SS-OCT Reveals Age-Related and Cycloplegia-Induced Changes in the Crystalline Lens

Ophthalmology office.
Ophthalmology office. Masked patient and doctor – Covid 19. Scan of the retina, an examination that allows you to precisely visualize the different parts of the eye. This imaging makes it possible to observe the retina in order to detect, for example, a retinal uplift with edema or a diabetic retinopathy. It is used to monitor wet AMD about every two months and complements the fundus to see if an injection of treatment is needed. OCT is also used to examine the optic nerve, and therefore screen for or monitor glaucoma. (Photo by: Pascal Bachelet/BSIP/Universal Images Group via Getty Images)
SS-OCT may be a better method of obtaining crystalline lens parameters than conventional means such as MRI, Scheimpflug imaging, or ultrasound biomicroscopy, a study suggests.

Swept-source optical coherence tomography (SS-OCT) can reveal age-related and cycloplegia-induced changes in crystalline lens morphology, according to a study published in the Journal of Cataract and Refractive Surgery. 

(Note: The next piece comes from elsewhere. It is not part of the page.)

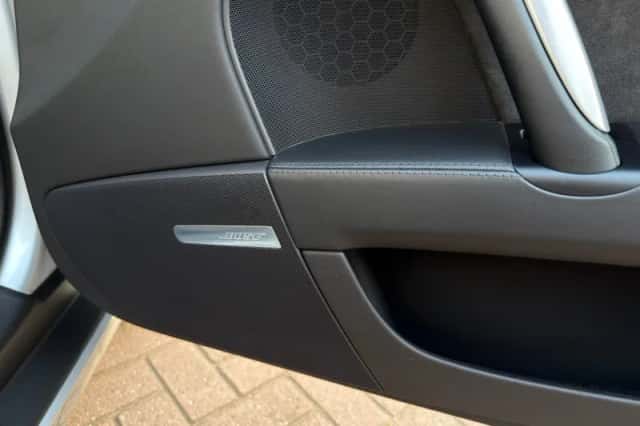 Audi TT (2009) thumbnail 38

Researchers conducted a single center, prospective cross-sectional study of 76 eyes of 76 patients (mean age 48.01±19.34 years) to assess the accuracy of using SS-OCT to measure geometric lenticular parameters. They also sought a potential association between those variables and age, and observed the effects of cycloplegia. Investigators measured anterior chamber depth (ACD), the radii of curvature of the anterior and posterior surface of the crystalline lens (ALR and PLR), lens thickness (LT), lens equatorial diameter (LED), and lens vault (LV) before and after cycloplegia. They compared pre and post cycloplegic parameters and assigned participants to1 of 3 groups based on their age: 18-40 years (n=28), 41-60 years (n=24), and older than 60 years (n=24). They adjusted for axial length, refractive status, and sex through the use of a multivariate linear regression model.

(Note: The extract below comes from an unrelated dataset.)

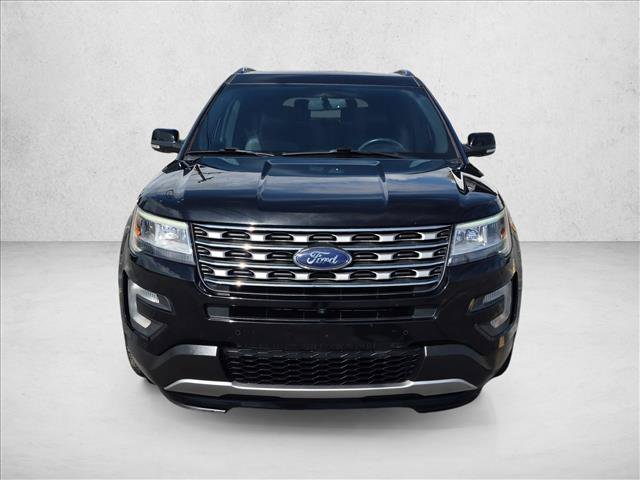 Used 2017 Ford Explorer Limited FWD image 2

The  investigators found that ALR and ACD were negatively correlated with age (P ≤.002), while LT, LV, and LED were positively correlated with age (P ≤.004). ALR and ACD significantly increased, and LV and LT significantly decreased post cycloplegia in patients younger than 60 years (P <.001 for all). ALR and ACD significantly decreased while LT and LV significantly increased post cycloplegia in participants older than 60 years (P =.001, P =.014, P <.001, and P =.001, respectively).

“The crystalline lens morphology measured by the SS-OCT revealed steepening anterior surface and increasing equatorial diameter with age. Cycloplegia caused a significant change of anterior surface morphology in participants younger than 60 years, and this effect diminished with age,” according to the investigators, who concluded that SS-OCT is a reliable tool for observation of crystalline lens morphology.

Limitations of the study include a single center design, small sample size, and a discrepancy in mean LED measurements obtained by SS-OCT and magnetic resonance imaging (MRI).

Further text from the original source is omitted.